NICA leagues are not only growing around the United States, but they’re also causing growth of the sport in general, as these kids will likely continue to ride after they graduate. According to Harward, they’re also getting their family members out on the trail as well. “We have family camps that we did last year in Moab and in St. George, where we invited parents to come down and learn skills too. Sixty percent of dads start riding with the kids and forty percent of moms. That’s a NICA statistic from across the nation. So that’s the kind of family involvement we see.”
Along with the races, the league holds several summer camps and clinics for beginner riders or experienced mountain bikers who need to brush up on their skills. The clinics emphasize proper technique and a “healthy approach to riding and racing.” There’s even girls-only camps to get young women the encouragement they need to get on the bike and ride strong.
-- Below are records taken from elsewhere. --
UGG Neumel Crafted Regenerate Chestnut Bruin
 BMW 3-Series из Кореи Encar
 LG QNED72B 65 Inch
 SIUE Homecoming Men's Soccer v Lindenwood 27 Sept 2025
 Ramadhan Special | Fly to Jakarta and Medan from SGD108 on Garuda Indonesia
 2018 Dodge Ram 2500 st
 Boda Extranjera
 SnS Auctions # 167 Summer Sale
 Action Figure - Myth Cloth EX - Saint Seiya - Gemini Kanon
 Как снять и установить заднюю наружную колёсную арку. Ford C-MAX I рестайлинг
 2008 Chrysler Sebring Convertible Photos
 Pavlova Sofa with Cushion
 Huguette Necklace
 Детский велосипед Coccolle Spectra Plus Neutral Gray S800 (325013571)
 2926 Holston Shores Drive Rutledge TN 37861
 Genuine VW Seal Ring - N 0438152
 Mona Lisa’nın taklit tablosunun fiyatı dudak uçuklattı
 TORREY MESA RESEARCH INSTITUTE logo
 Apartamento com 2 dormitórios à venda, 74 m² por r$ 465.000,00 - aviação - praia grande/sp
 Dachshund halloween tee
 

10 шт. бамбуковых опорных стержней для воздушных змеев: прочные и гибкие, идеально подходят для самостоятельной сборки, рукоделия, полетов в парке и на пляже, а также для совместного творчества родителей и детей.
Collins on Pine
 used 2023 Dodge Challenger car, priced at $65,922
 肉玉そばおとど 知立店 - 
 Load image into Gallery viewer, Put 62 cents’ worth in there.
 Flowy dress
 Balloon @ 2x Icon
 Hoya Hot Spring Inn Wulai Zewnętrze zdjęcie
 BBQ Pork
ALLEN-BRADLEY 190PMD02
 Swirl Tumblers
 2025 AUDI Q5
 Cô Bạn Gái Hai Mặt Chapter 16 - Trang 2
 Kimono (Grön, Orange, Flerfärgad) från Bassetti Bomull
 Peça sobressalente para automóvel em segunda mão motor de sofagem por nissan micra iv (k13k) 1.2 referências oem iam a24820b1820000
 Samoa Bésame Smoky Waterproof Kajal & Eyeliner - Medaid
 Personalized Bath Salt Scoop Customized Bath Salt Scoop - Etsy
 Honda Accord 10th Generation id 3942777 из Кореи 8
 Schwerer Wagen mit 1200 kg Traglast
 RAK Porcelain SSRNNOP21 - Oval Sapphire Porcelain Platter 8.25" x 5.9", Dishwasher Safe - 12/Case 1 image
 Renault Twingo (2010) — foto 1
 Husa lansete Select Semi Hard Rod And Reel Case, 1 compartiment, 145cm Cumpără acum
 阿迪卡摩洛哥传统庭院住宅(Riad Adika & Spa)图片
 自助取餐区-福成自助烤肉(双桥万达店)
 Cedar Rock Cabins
But aside from all the races, clinics and camps, the central mission of the Utah High School Cycling League is to promote health and fitness to the athletes, which Harward says is the cornerstone of the program. “The focus is on creating strong bodies, strong minds, and strong character in the most inclusive and equal way. And we have a focus on lifelong health and fitness. So we want these kids to have so much fun within our organization that they’re going to ride and stay healthy their entire lives. And that message resonates with us here in Utah. It’s powerful and I think it’s something where we all look around and realize that the obesity crisis that’s facing our country is affecting our kids. A lot of people in my generation, we grew up riding bikes with our friends to school and you just don’t see that anymore. So we really want to give that experience back to the kids. The freedom that we felt.”
It’s that sense of freedom that Shaffer and Hansen now live for, as they both plan on riding their mountain bikes long after they outgrow the NICA league. Many of the student athletes find success in road racing and collegiate-level cycling, and according to NICA, several alumni are currently racing on pro teams at events as big as the Tour of California and the Sea Otter Classic. Hansen says he plans to continue entering races long after he’s finished with school. “Definitely I’ll keep racing. I mean, after the first season of high school, I got involved with a local bike shop that my dad rides for. I’ve started road racing this year. And I’ll race a lot of the local series. So I can see myself racing for a long time.”
As for Shaffer, she has no plans to become a professional cyclist, but intends on participating in mountain biking for the rest of her life. “I just want to be a part of it, forever. It’s so fun and it’s such a good environment to be in. Like when I’m at races, I don’t want to leave. Mountain biking makes me so happy. I don’t necessarily want to go and compete in different countries like all of the pros do, but it’s something I do for my enjoyment. And it really helps me reduce stress and stuff and just get away from everything that is going through my head. When I’m riding, it’s just me and my bike. And no one else is there. It’s awesome.”